China's securities industry, including brokerage and underwriting services, is dominated by domestic firms. There are Sino-foreign JVs, but due to the regulatory restrictions, foreign ownership of a securities JV must not exceed 49%. In addition, the Chinese partner must be another Chinese securities company. This means that foreign firms lack control over their China securities JV operations and strategy, complicating expansion plans. For reference, the total income of the top eight domestic Chinese brokerages was more than eight times the total income of the top eight Sino-foreign securities JVs last year.

As the ownership restrictions are now set to be relaxed between 2018 and 2021, this may attract further foreign securities companies to enter the China market, particularly those with broader global businesses that include investment banking, brokerage and asset management. Foreign firms would be in a position to offer more complex products than those now available on the China market, as well as being in an advantageous position for offering cross-border services.
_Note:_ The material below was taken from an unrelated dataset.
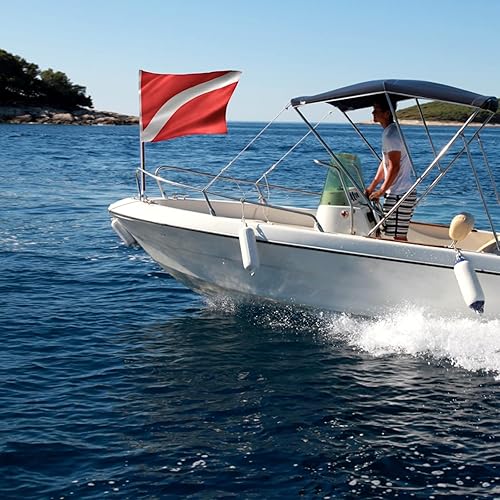 Miniatura 7 de MOPHOEXII Paquete de 2 banderas de buceo con ojales dorados, bandera de buceo, bandera alfa, marcador de bandera de barco, 20 x 24 pulgadas para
However, there are still uncertainties. As noted above, one of the liberalisation measures is that the government will remove the limitation on the business scope of Sino-foreign JV securities firms and give them equal treatment to domestic firms in terms of the scoping of their activities. Nonetheless, there are doubts as to whether Sino-foreign securities JVs will be able to widen their scope of activities within a short timeframe. Sino-foreign securities JVs will likely continue to be limited to conducting the activities covered in their underwriting licence, as it was approved at the time of their initial establishment. In order to bring new activities within the scope of their business licence, the Sino-foreign securities JVs will need to show that they have the capacity to conduct such activities. This requires the Sino-foreign securities JVs to meet stringent regulatory and compliance requirements, including minimum head count, local IT infrastructure and other operational setup requirements, before commencing the new activities. This means that foreign firms will need to make substantial investment upfront, with only limited profit-making ability in the beginning.

Similar to the businesses in the banking sector, securities firms also face many tax uncertainties. Some of the more commonly seen tax issues for the securities sector include:

  • VAT input credit complications can arise for securities firms with headquarters registered in one district in China, and branches registered in different tax districts in China. This is due to mismatches arising from the fact that expenses may be incurred, and booked, at branch level, in order to match to brokerage revenue, but the VAT invoices may be received (and paid for) at the headquarters level. For example, where stock exchange charges are billed to the headquarters, the latter cannot issue VAT invoices to each branch; this is in contrast to the position for trading enterprises and many service enterprises, for which such an arrangement would be possible. The end effect of this is that the headquarters may have excess and unusable VAT input credits, while the branches have a VAT payment obligation, which would have otherwise been limited if their output VAT could have been offset by the stock exchange charge VAT input credits.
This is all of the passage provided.